Even setting aside the band’s own dubious “doom wop” descriptor, it’s not difficult to hear the trio’s fascination with early rock ‘n’ roll dynamics or the simple, vaguely macabre storytelling of the concurrent era. In this way, Mister Heavenly may most closely resemble Man Man—any song with Kattner’s wild-man howl and imaginarium keyboards must inevitably conjure visions of his main act’s paint-splattered, ritualistic sideshow—but it’s impressive how seamlessly he and Thorburn fold their idiosyncrasies into a unified songwriting voice. Verses and choruses are mostly traded off, Thorburn whispering flirtatiously as the tunes skip toward many anthemic choruses which Kattner largely handles in his alternately creeping and boisterous bark. Plummer, meanwhile, anchors the proceedings, which tend to establish grooving AM-style strides only to turn on a dime; playing alongside Isaac Brock has ably prepared him for Kattner’s equally unpredictable spikes in energy, and he ably keeps pace throughout. Musically, they’ve tapped into something both familiar and raw, and it’s this concentrated, well-considered M.O. that helps one forgive a few of the record’s shortcomings.

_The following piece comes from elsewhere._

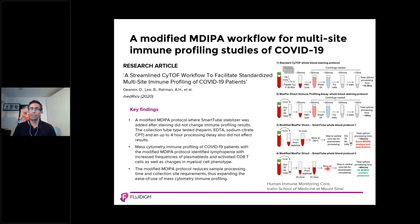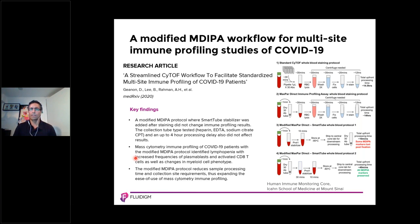The modified protocol was used to immunoprofile COVID-19 patient samples. Mass cytometry immune profiling of COVID-19 patients with the modified MDIPA protocol identified lymphopenia, increased frequencies of plasmablasts and activated CD4+ T cells, and changes in the myeloid compartment. In summary, within a 45-minute staining workflow you can stain whole blood of COVID-19 patients and bank samples at minus 80 for later processing. It also provides flexibility to add custom markers to the 30-marker backbone and reduces sample processing time, collection site requirements, technical skills, and equipment needed.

The songs on Out of Love tend to fall in one of two categories: brief, negligible exercises in style that probably could have spent a little more time in the incubator, and longer, more structurally ambitious, and just flat-out more intense vocal and instrumental showcases. In the former group there’s “Charlyne,” “Pineapple Girl,” and the three songs which close the record, none very memorable. In the latter—and towering over the remainder of the record—are excellent opener “Bronx Sniper,” band missive “Mister Heavenly,” the unsettling “Harm You,” and album highlight “Diddy Eyes.” Of course, a few tracks admirably split the difference (“I Am a Hologram,” “Reggae Pie,” “Hold My Hand”), but after a couple of spins it becomes rather obvious that some of the tracks here are simply padding between the standalone gems. With songwriting this pointedly masculine (“She kisses like a brick / Her lips are like ships / She sails right through the thoughts that you harbor,” Kattner jadedly announces on “Reggae Pie”), it’s understandable that most of the record’s most memorable moments are reflected in these furious outbursts.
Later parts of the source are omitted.